Error messages are reported when pg_reorg fails. The following list shows the cause of errors.

You may need to uninstall and reinstall pg_reorg by hand after fatal errors, in order to clean up transient data left behind. On versions 1.1.7 or earlier, execute $PGHOME/share/contrib/uninstall_pg_reorg.sql in the database where the error occured and then execute $PGHOME/share/contrib/pg_reorg.sql.

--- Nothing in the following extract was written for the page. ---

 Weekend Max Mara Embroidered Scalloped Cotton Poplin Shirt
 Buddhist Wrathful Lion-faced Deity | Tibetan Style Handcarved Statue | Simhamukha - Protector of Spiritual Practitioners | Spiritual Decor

On later versions, a simple

DROP EXTENSION pg_reorg;
CREATE EXTENSION pg_reorg;

should suffice.

pg_reorg : reorg database "template1" ... skipped

  pg_reorg is not installed in the database when option --all is specified.
  Register pg_reorg in the database.

ERROR: pg_reorg is not installed

   pg_reorg is not installed in the database specified by --dbname.
  Register pg_reorg in the database.

ERROR: relation "table" has no primary key

  The target table doesn't have PRIMARY KEY.
Define a PRIMARY KEY on the table, i.e. ALTER TABLE ADD PRIMARY KEY)

ERROR: relation "table" has no cluster key   The target table doesn't have CLUSTER KEY.
  Define a CLUSTER key on the table. (ALTER TABLE ... CLUSTER ON ... )

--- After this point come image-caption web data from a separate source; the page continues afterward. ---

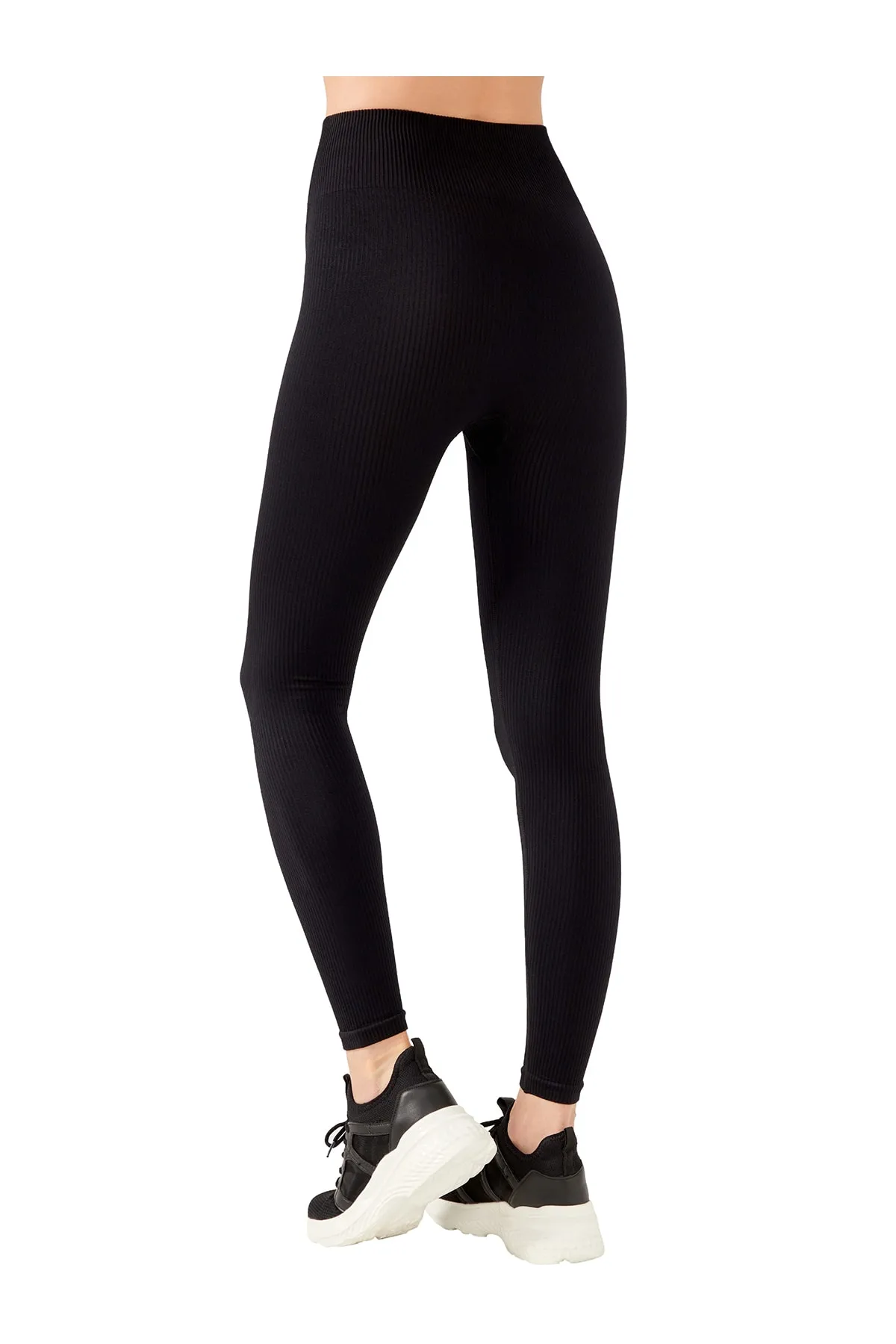 LOS OJOS  Schwarze, nahtlose, gerippte Fitness-Leggings mit hoher Taille für Damen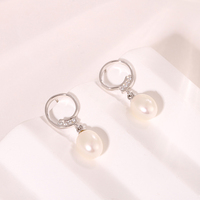 Boucles d'oreilles pendantes géométriques KAMMY tendance en argent sterling 925 avec zircon et perle, plaqué platine et rhodium, modèle HBE 3768, cadeau pour femme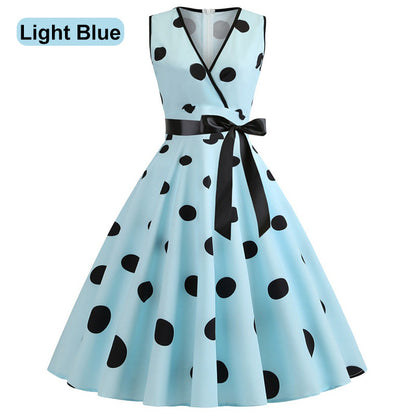 Women’s Vintage Polka Dot Swing Dress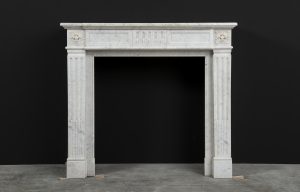 Carrara White Marble Fireplace, Louis XVI Style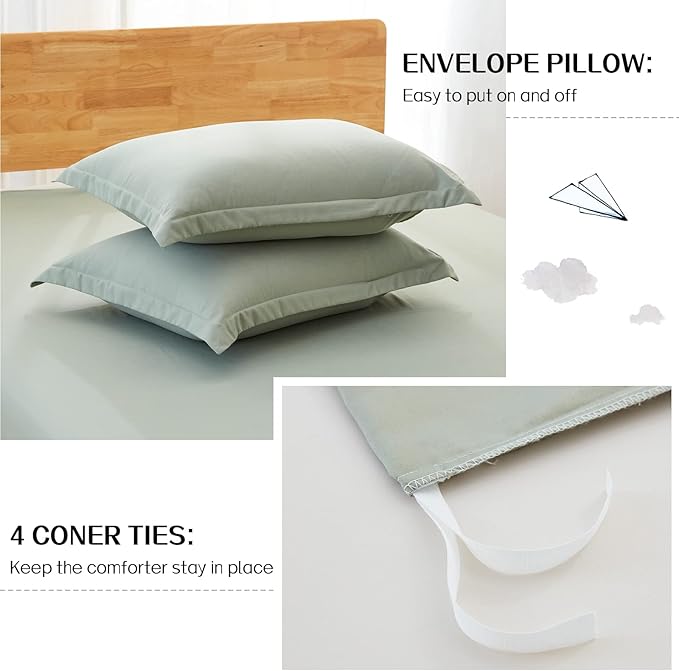 Dreaming Wapiti Duvet Cover Queen,Washed Microfiber Green Queen Size Duvet Cover Set,Solid Color - Soft and Breathable with Zipper Closure & Corner Ties (Green, Queen)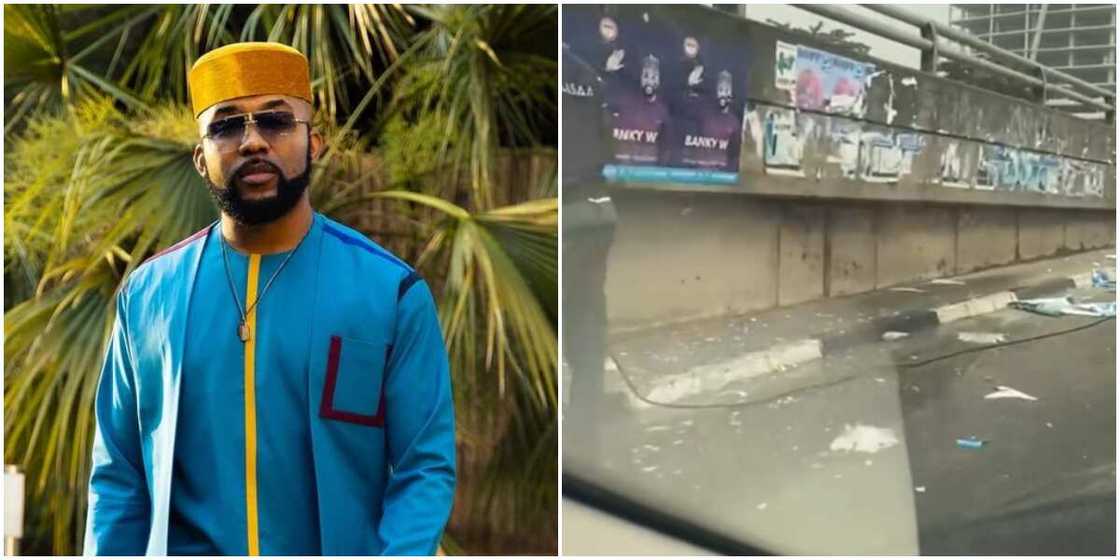 Banky W, Banky W's vandalized political posters Banky W, Banky W's vandalized political posters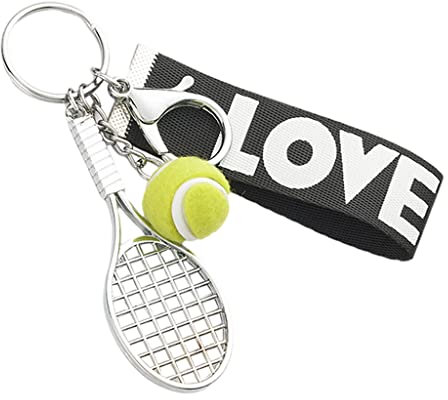 Mini Raquette de Tennis Porte-clés léger Exquis Mignon Sport Charme nouveauté Balle de Tennis Raquette Porte-clés Cadeau de Sport pour Joueur de, Vert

pg_reorg : query failed: ERROR: column "col" does not exist   The target table doesn't have columns specified by --order-by option.   Specify existing columns.

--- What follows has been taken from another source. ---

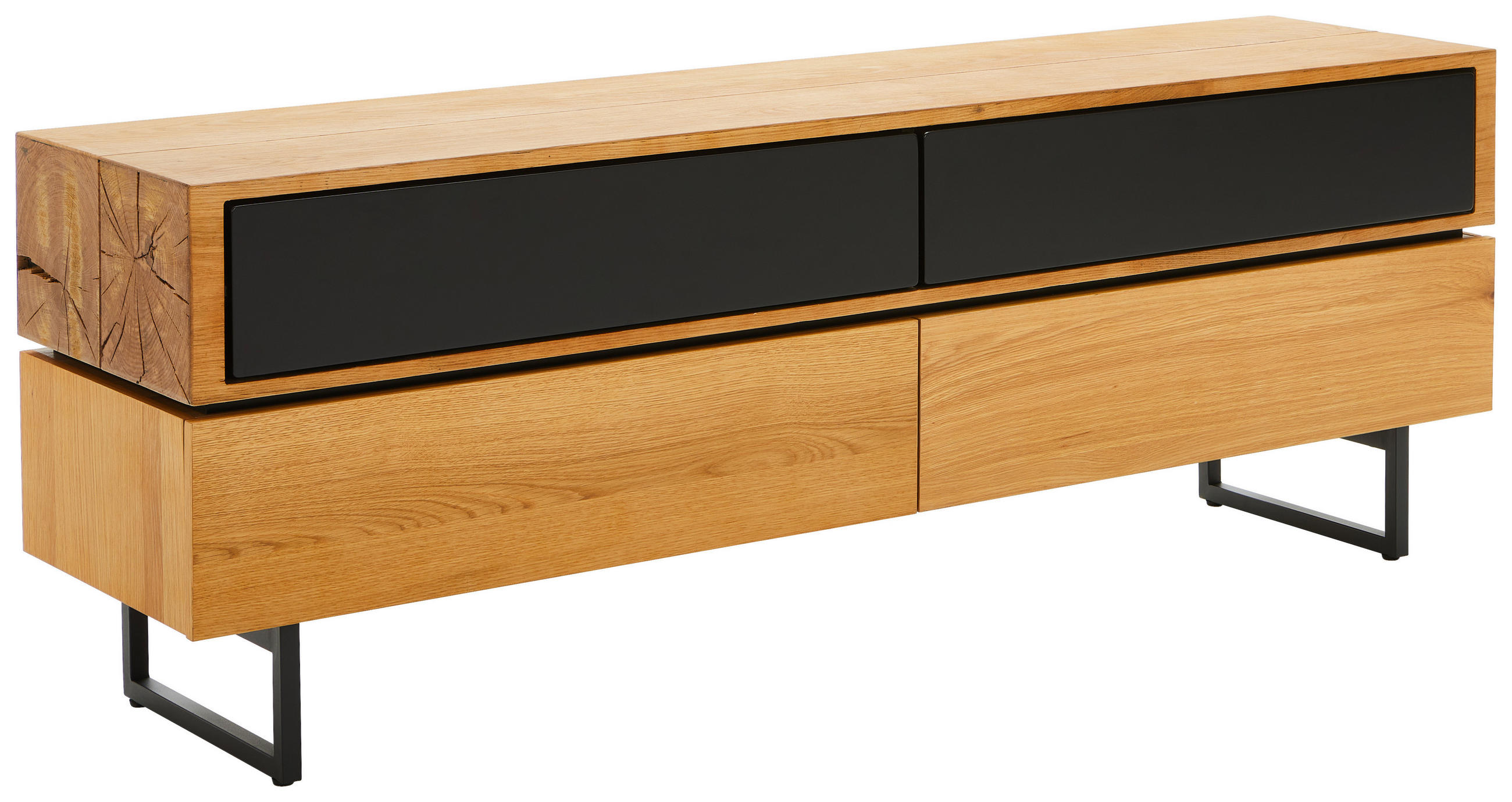 TV-BÄNK  i 160/58/40 cm  - svart/ekfärgad, Design, metall/trämaterial (160/58/40cm) - MID.YOU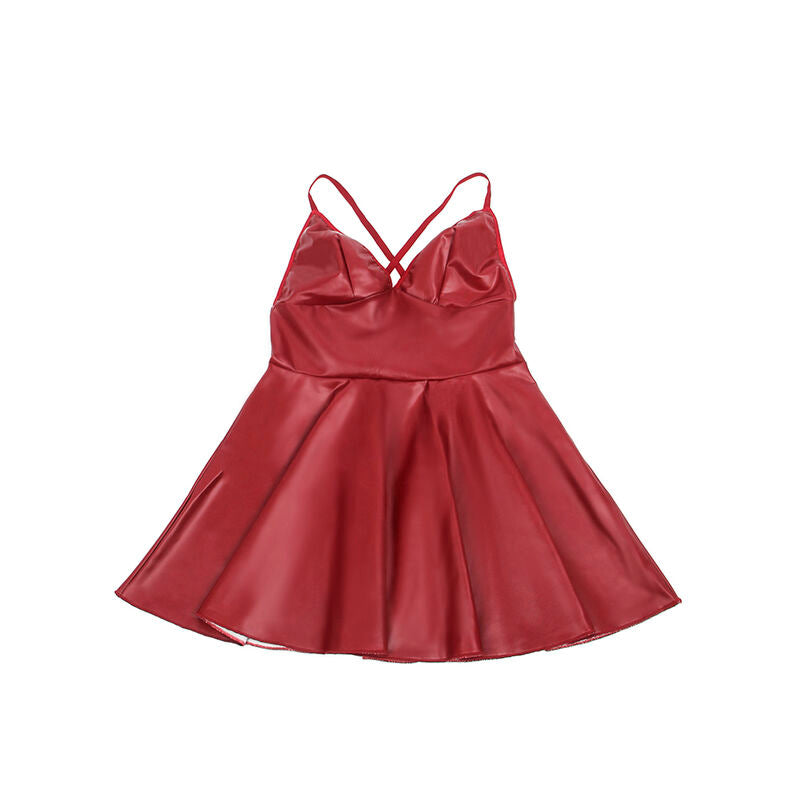 Robe Lingerie Bretelles Fines Finitions Cuir PU 4 Coloris - Subblime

ERROR: permission denied for schema reorg   Permission error.
  pg_reorg must be executed by superusers.

pg_reorg : query failed: ERROR: trigger "z_reorg_trigger" for relation "tbl" already exists

  The target table already has a trigger named "z_reorg_trigger", perhaps left over from a previous failed pg_reorg run.
  Delete or rename the trigger.

pg_reorg : trigger conflicted for tbl

  The target table already has a trigger which follows by "z_reorg_trigger" in alphabetical order, and pg_reorg expects its trigger to be last in alphabetical order so that it executes last.
  Delete or rename the trigger.

Restrictions

pg_reorg has the following restrictions. Be careful of the warnings about DDL which may cause data corruption.

Temp tables

pg_reorg cannot reorganize temp tables.

GiST indexes

pg_reorg cannot cluster a table based on a GiST index

DDL commands

You cannot safely perform DDL (except VACUUM or ANALYZE) on the table while pg_reorg is working. In many cases pg_reorg will fail and rollback correctly, but there are some cases where corruption of your table may occur.

TRUNCATE

    TRUNCATE is lost after pg_reorg completes, and the deleted rows will be restored.

CREATE INDEX

    Causes index corruption.

ALTER TABLE ... ADD COLUMN

    Causes lost data. Newly added columns are initialized with NULLs.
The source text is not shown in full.